How can you even contemplate removing people from their land when it is the very essence of their being?” CEO of the Aboriginal Legal Services Western Australia (ALSWA), Noongar man, Dennis Eggington exclaimed.
Guardian cpa.org.au 19 November 2014
“As we look around this glorious city, as we see the extraordinary development, it’s hard to think that back in 1788 it was nothing but bush … Everything would have seemed so extraordinarily basic and raw …,” Prime Minister Tony Abbott told an international gathering in Sydney on November 14. He repeated the same words again at a post-APEC International Business breakfast on November 17. Terra nullius is back on the agenda, not that it ever really went away. Australia is open for business, for big business and this government is proudly clearing the way, in particular, for mining companies.
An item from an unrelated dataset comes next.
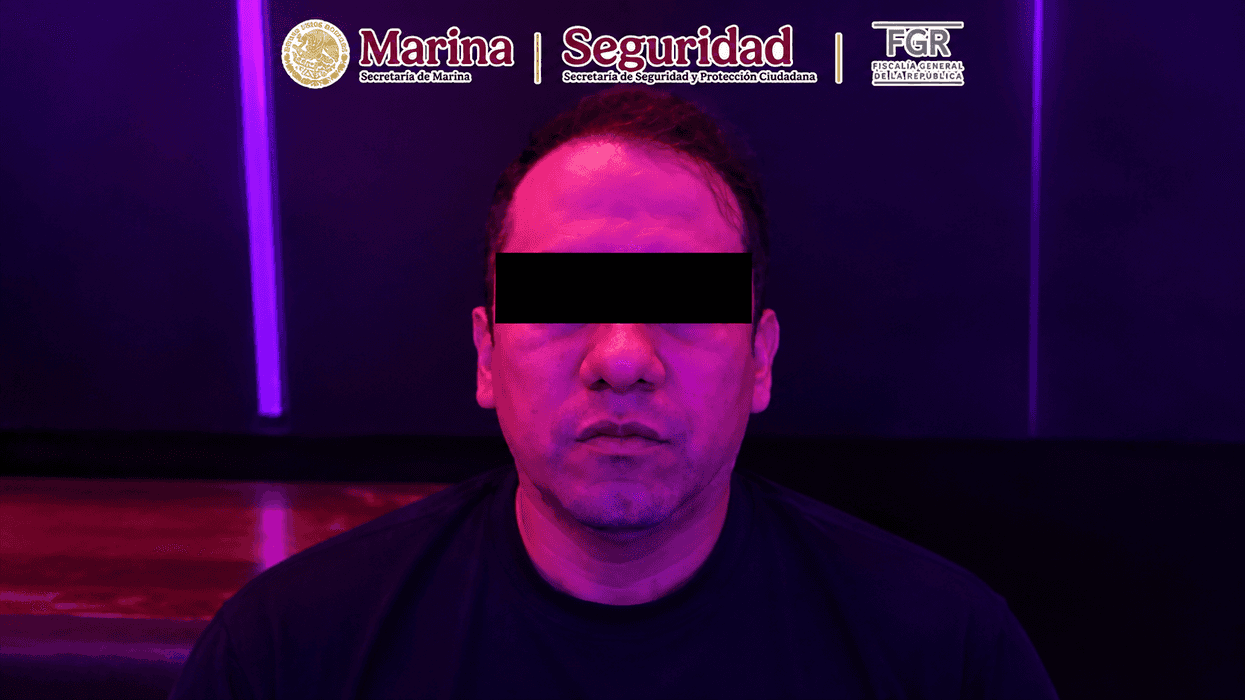 Fotografía oficial de Govén Ulisses N, alias "El Amarillo", detenido en Puebla por Marina, SSPC y FGR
Consistent with Abbott’s terra nullius outlook, the government is cutting its funding of essential services for remote Aboriginal communities. Responsibility is being handed over to the states, with a one-up payment to compensate the states for the additional cost of providing services. West Australian Premier Colin Barnett, who is cut from the same cloth as the PM, responded to the deal by flagging the closure of up to 150 remote Indigenous communities and the forced removal of more than 12,000 people from their land. Initially Barnett blamed the federal government’s decision to cease funding of power, water and other services to remote communities beyond the next two years. Barnett said his hands were tied.
Past experiences of forced removal off country have proved disastrous. Towns, already short of housing, have not been able to cope with the influx of people. The result is more fringe dwellers, social problems, suicides and incarceration. Western Australia already has the highest rate of incarceration of Indigenous people, around 20 times the rate of non-Indigenous Australians. In fact Barnett hypocritically admitted that it “will cause great distress to Aboriginal people who will move, it will cause issues in regional towns as Aboriginal people move into them.”
Barnett tried to argue it was necessary pointing to “high rates of suicide, poor education, poor health, no jobs ... it’s a huge economic, social and health issue.” He then played the “viability” card, blaming the Indigenous communities for their economic and social problems.
“They [the smaller remote communities] are not viable and the social outcomes, the abuse and neglect of young children, is a disgrace to this state ... this is the biggest social issue this state faces.”
It certainly is a disgrace to the state and federal governments and to the big mining corporations. Not a single suggestion about addressing the causes of the social issues. No way does the WA Coalition government intend spending a cent of the royalties from minerals extracted from Aboriginal land on essential services that the rest of the Australian people take for granted. The federal government has closed the Community Development Employment Projects program, there is no serious job creation program; education and skills development are either not appropriate or unavailable. It is no accident that successive state and federal governments have deprived Indigenous communities of services, housing, job opportunities and the programs and incarcerated people on almost any excuse. Under such conditions, communities are set to “fail”, providing the excuse to force them off their land.
“How can you even contemplate removing people from their land when it is the very essence of their being?” CEO of the Aboriginal Legal Services Western Australia (ALSWA), Noongar man, Dennis Eggington exclaimed. “If our people were pastoralists living in remote WA, we would be supported, accommodated and rewarded for our efforts. Yet, because we are Aboriginal people who perhaps don’t share the same materialistic values as our non-Indigenous counterparts, we are seen as not being ‘viable’ and we should be ‘removed’ – there’s that term again.” These profits are from the land of Indigenous people. That is why funding is being cut, that is why the state and federal governments want to remove its Indigenous owners.
“Western Australia is more concerned about profits than people,” Eggington said. There is no right to veto under the Native Title Act, but Traditional Owners have been able to take on the mining corporations and gain considerable public support and see projects delayed or even suspended. The mining companies want to be given carte blanche to plunder Indigenous land. We are talking about criminal neglect, theft, racism and assimilation. The closure of remote communities is nothing short of a land grab for mining corporations.